Astro-Turf and big-time sport had initially joined together in 1966 at the Houston Astro-Dome. After a year of trying to make grass grow indoors, the owners of the stadium opted for an alternative. While the Astro-Turf surface didn’t meet with universal approval, it was very effective and of a lower maintenance level when it came to its upkeep. New artificial pitches popped up all across North America in no time at all, and in a number of different sports. Some people loved the new surfaces, while others were far from impressed. Baseball star Dick Allen declared: “If a horse won’t eat it, I don’t want to play on it.”

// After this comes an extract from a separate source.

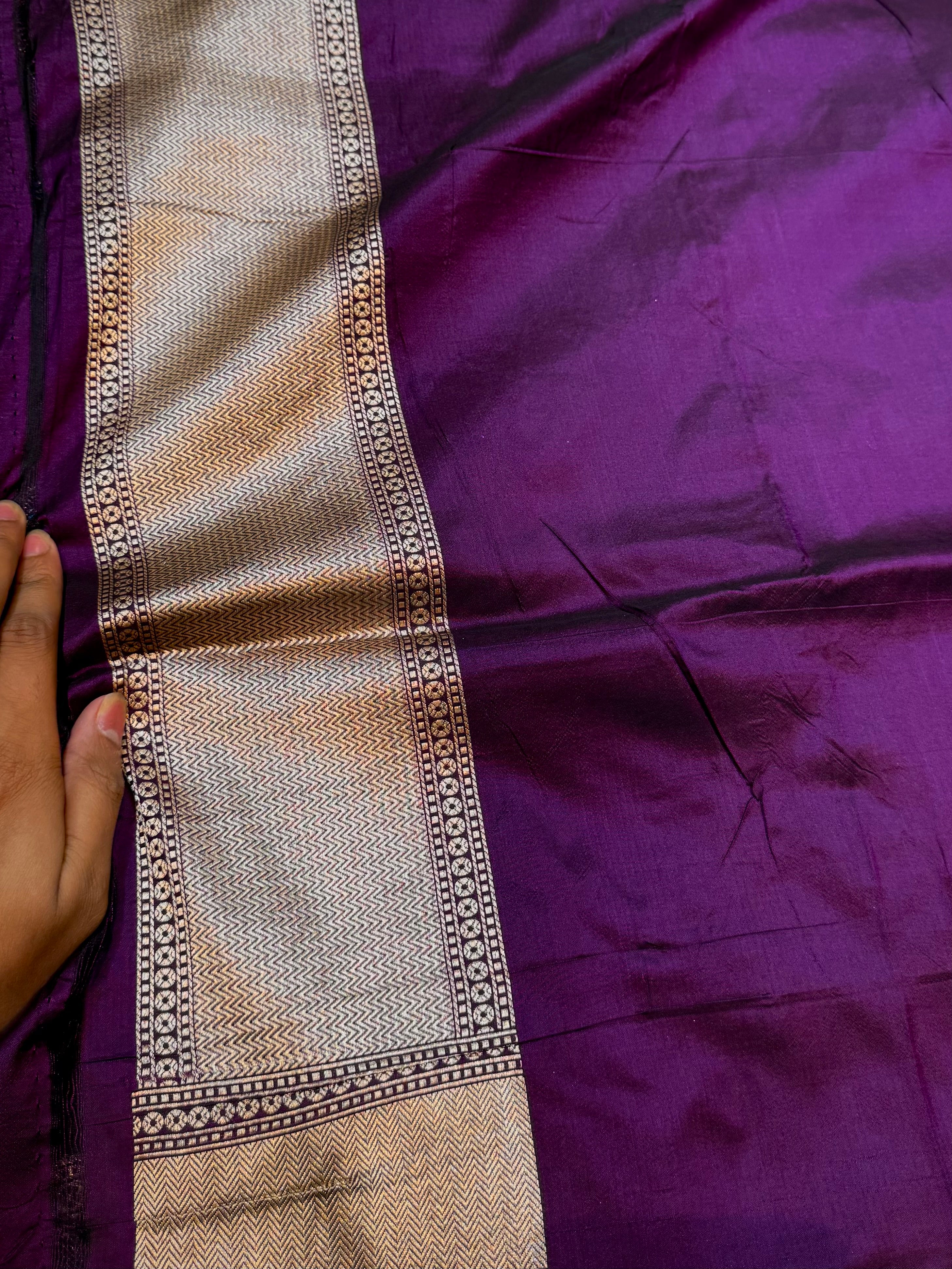 Wine Purple 100% Pure Banarasi Katan Silk Meenakari Saree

A decade and a half later the artificial surface phenomenon reached English club football. QPR had sent a delegation on a fact-finding mission to the USA, in their growing exasperation with a pitch that was conspiring against their hopes of a return to Division One. QPR had succumbed to relegation in 1979, just three years after coming to within 16 minutes of being crowned league champions. By the end of the 1980/81 season, they were starting to fall back, finishing in eighth position and seven points away from the promotion places. In the final season of two points for a win, this amounted to being three and a half wins off the pace.
QPR shunned Astro-Turf and chose a rival surface: Omni-Turf. It was installed in time for the beginning of the 1981/82 campaign. It was basically a carpet, rolled out on top of a thick layer of concrete with not much more than sand to act as a cushion. Ironically it was Luton Town who were the first visitors; they left with a 2-1 win and notes taken on artificial surfaces for future reference. Promotion was missed by just two points, but Terry Venables and his team were steadily mastering their new surface.
QPR reached the 1982 FA Cup final, having been drawn at home in every round prior to their Highbury semi-final with West Bromwich Albion. Within a year they had returned to Division One and in their first season back in the top flight they’d claimed a fifth-place finish and UEFA Cup football for the following campaign.
Escalating accusations of QPR having an unfair advantage were hard to ignore. Venables’ part in QPR’s rise saw Barcelona come in for his services. The club struggled in 1984/85, surviving the drop by just one point and finding that UEFA wouldn’t permit them to play home UEFA Cup ties on their artificial surface. They instead took themselves off to Highbury on European nights.
The resentment of many rival teams and supporters towards QPR’s artificial pitch was gaining momentum. One disgruntled visiting Aston Villa fan took such an exception that he marched down the terraces to the perimeter wall, and then threw a sizeable square of real turf on top of the artificial surface in protest.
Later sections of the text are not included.